みんな元気。

 12月は外科ローテで朝が早かった。5時半に起床し、6時過ぎには家を出ると外はまだほの暗くて、それでいて高い建物がないのでずっと向こうのほうで紅がさしているのがみえる。雪で白んだ世界も相まって、なんだか日本にいる気がしなかった。それを帯広出身の同期に伝えると、ここは日本だと怒られた。もっともである。

 マジな話、帯広に来てよくなかったと思うことがひとつもない。職場の学習環境、同期含めた人間関係、初めてのひとり暮らし、美味しい食べ物、そのほかすべての素敵な出会いに満足している。もちろん医師という職業そのものにも。
 さまざまな局面で運に恵まれていることを感じると同時に、今の生活を支えている運というものの脆さを思う。直感を信じて縁もゆかりもない土地までやってきたが、振り返ってみるとけっこうな博打だった気がする。こうやってあとになって初めて気付くのが私の計画性の無さだ。

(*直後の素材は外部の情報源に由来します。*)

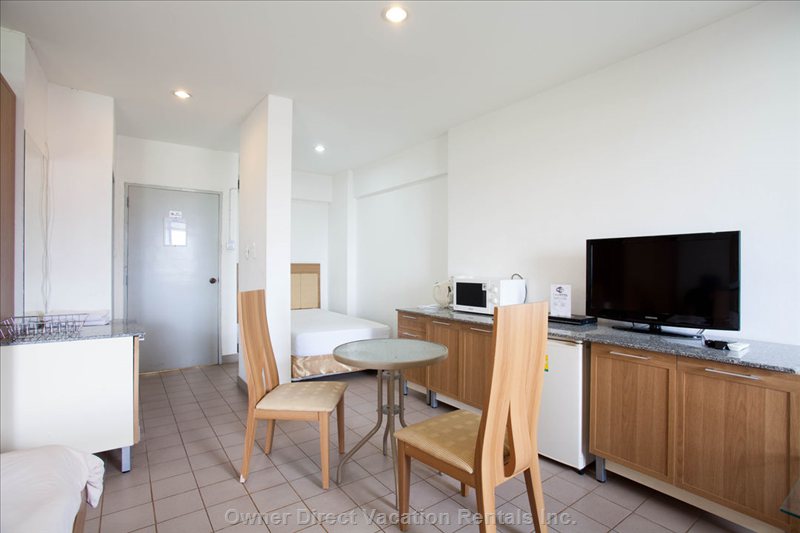  vacation rentals thailand chiang mai chiang mai  chang klan road 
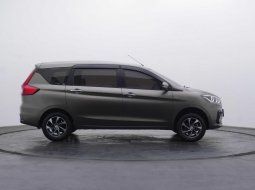 Suzuki Ertiga GX MT 2019 2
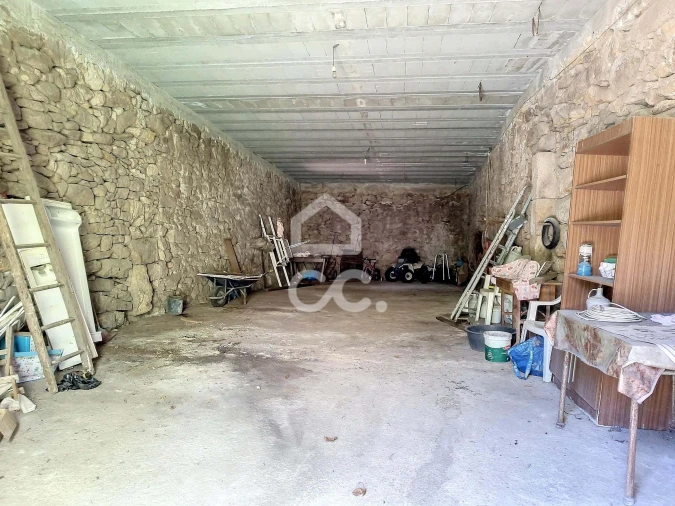 Moradia T3 para Venda em Redondelo Foto 14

 この文章の読者が、日々の生活のなかで、私という存在を思い出してくれる瞬間というのはどのくらいあるだろうか。そう問いかけたあなたのことを私は思い出せていないかもしれない。でも思い出す出さないに関わらず、私はこれまですべての関わってきた人たちで構成されているのは事実で、図々しいかもしれないが、その誰もが幸せであることを願いたい気持ちがある。
 私は来年も、日本じゃないみたい日本の地から、みんな元気?と問いかけるのではなく、みんな元気。と祈りをおくろうと思う。他の人生もあり得たかもしれないが、今の人生はそれなりによいものだ。だから万事大丈夫だと思う。